I like the explanation in terms of predator avoidance behavior. Imagine a primitive fish with eyes that can detect motion. If it sees something moving, usually it wants to get away from that thing. If you see something moving in your left eye, the best way to swim away is to send a signal for a muscle contraction in your right side, which will cause you to curl and swim to the right. So the best wiring is a direct connection from left eye to right side, and right eye to left side. The brain is built up starting from that kind of connection.



But sensory input is also reversed. If you're touched on the right side of your body, it projects to the left side of your brain, which then projects back to the right side of your body again. If the goal were to minimize wire length, everything would stay on the right side.


> I don't find the TFA explanation convincing; it's too abstract.

...meaning you didn't understand it.

It may not be a good explanation, but the problem isn't that it's too abstract.
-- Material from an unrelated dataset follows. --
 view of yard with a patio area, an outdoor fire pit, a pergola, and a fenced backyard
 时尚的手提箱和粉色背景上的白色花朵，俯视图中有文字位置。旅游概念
> If you see something moving in your left eye, the best way to swim away is to send a signal for a muscle contraction in your right side, which will cause you to curl and swim to the right. So the best wiring is a direct connection from left eye to right side, and right eye to left side. The brain is built up starting from that kind of connection.

If your fish only contracts the right side of it's body, that's not going to create effective motion, and while your fish is having the seizure you've described, it's going to get eaten.

Even if there were some sort of direct eye-to-muscle connection (which there isn't) the left eye would connect to the right side of the brain, which would then connect to the left side muscle, so you'd have left eye to left muscle (via the brain), not left eye to right muscle.


This is my take. With two sensors connected crosswise to musculature that pushes forward, you get goal seeking for targets in front and avoidant behaviour for targets behind.


> With two sensors connected crosswise to musculature that pushes forward

...that's not what we have.


It's what our ancient ancestors had. And they were successful, and elaborated on that theme, and by the time they were complicated enough to start thinking "hey wait, why is our nervous system crossed up like this" it was too much bother to uncross it.


> It's what our ancient ancestors had.

You're just making shit up. There's zero evidence for this.

You also don't seem to understand that inputs (senses) are also crossed, meaning that in your hypothetical inputs-directly-tied-to-outputs scenario, the movement produced would be in exactly the opposite direction to what you're describing, i.e. toward the predator.

And even if you found a way to resolve these problems, movement is far more complex than you're describing, and practically requires a more complex structure between sensation and reaction to coordinate muscular contractions which produce movement. The sort of reflexive muscular contraction you're describing would look more like a seizure than a contraction which produces useful movement.

I'm all for preferring the simplest explanation which explains our observations, but your explanation doesn't explain what we observe in any way.